Summit County, CDOT and Breckenridge short plow drivers for the start of the winter season
Less staff means figuring out what roadways get highest priority
Summit County saw its first significant snowfall of the winter season last week, and the wet weather correlated with numerous collisions along Interstate 70. With temperatures dropping and complaints from both businesses and local government entities about severe labor shortages, what will winter road conditions be like moving forward?
Summit County, the town of Breckenridge and the Colorado Department of Transportation are all reporting that their departments are currently short staffed. All three organizations said they’ll likely be prioritizing certain roadways over others, at least for the beginning of the winter season, until they can fill more positions.
Statewide, CDOT spokesperson Bob Wilson said the department has about 191 positions open across the state, but that it’s currently in the midst of onboarding a total of 30 part-time and full-time positions. Narrowing it down even further, Wilson reported that there are about 30 vacancies currently open for Regions 1 and 3, the two that encompass Summit County and its surrounding areas.
Wilson said Interstate 70 will always take the highest priority, followed by U.S. Highway 6 and Colorado Highways 9 and 91. Wilson said all of these roadways “take on somewhat of an urgency” because they are major, well-used, arteries that connect Summit County to other surrounding counties.

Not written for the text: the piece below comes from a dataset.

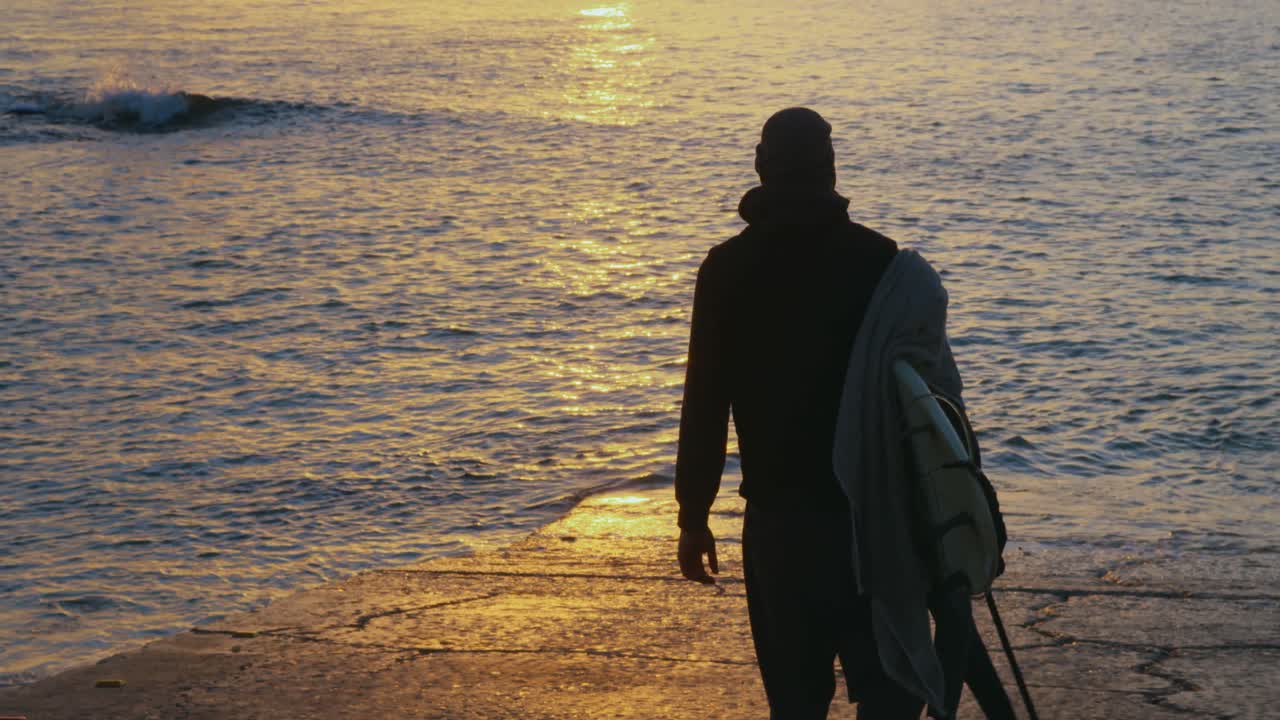 vista trasera de un hombre adulto con tabla de surf caminando por la playa 4k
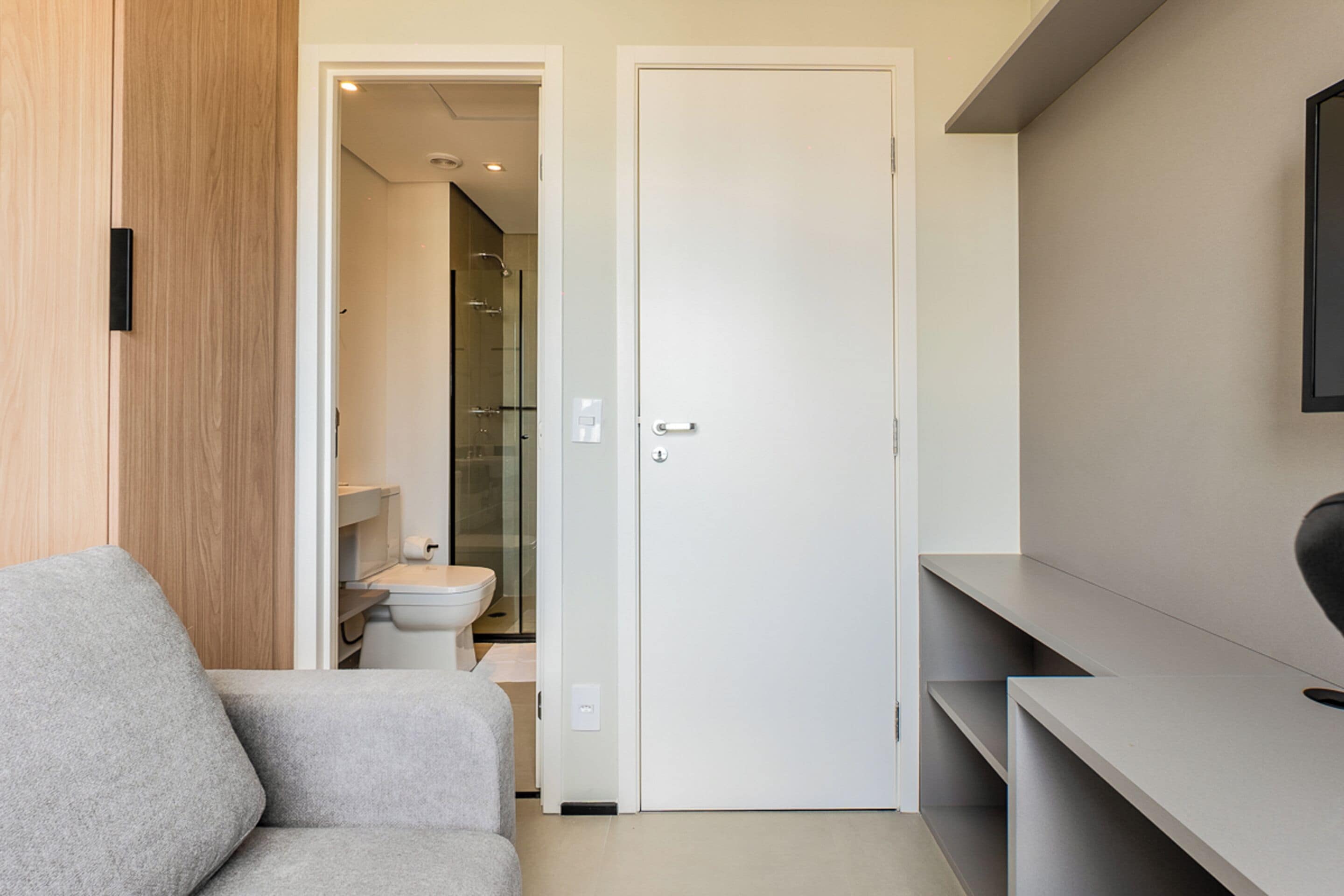 Un baño moderno con cabina de ducha de vidrio, inodoro y puerta blanca.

Wilson explained that Summit County has few major highways and the ones it does have are all “a fairly high priority.” In other areas of the state, such as north of Kremmling, certain roadways might not be as high of priority because they’re used by fewer travelers.
As soon as the winter season starts, Wilson said CDOT strategically coordinates its schedule so that crews can begin plowing and clearing roads when a winter storm rolls in.
“We go on snow shifts at a particular hour, like at 4 o’clock in the afternoon, and that means 12 hours on and 12 hours off,” Wilson said. “A driver will work 12 hours and then another driver comes on to relieve them of that shift. He works 12 hours and then they alternate until the roads get back to normal driving conditions.”
Wilson said crews in Summit County and surrounding areas are always on snow shift when the winter season is in full force, mostly since the weather is continuous at higher elevations. Because of this, a shorter staff means there’s less workers to clear more roads at once. Wilson noted the organization is still recruiting to hire additional people and that it’s using means like higher wages, job fairs and a housing stipend to boost its efforts.
The town of Breckenridge is using similar recruitment tactics to staff up, too. Scott Jackman, streets and parks manager for the town, said his department ideally has 18 positions filled at the beginning of the winter season. They’re currently looking to fill one full-time position and four part-time positions.
Because of the shortage, Jackman said all roads, bus routes and parking lots are considered high priority, but some areas might not get a second plow right away. Major town roads such as Main Street are focused on first.
“We will continue to keep the same priorities but maybe some roads, say some residential roads, may not get widened, may not get a second pass as soon as they have in the past,” Jackman said. “Our goal is to get everything plowed for each event, get the roads open and safe but they may not be plowed as wide (and) that second pass may not happen as early.”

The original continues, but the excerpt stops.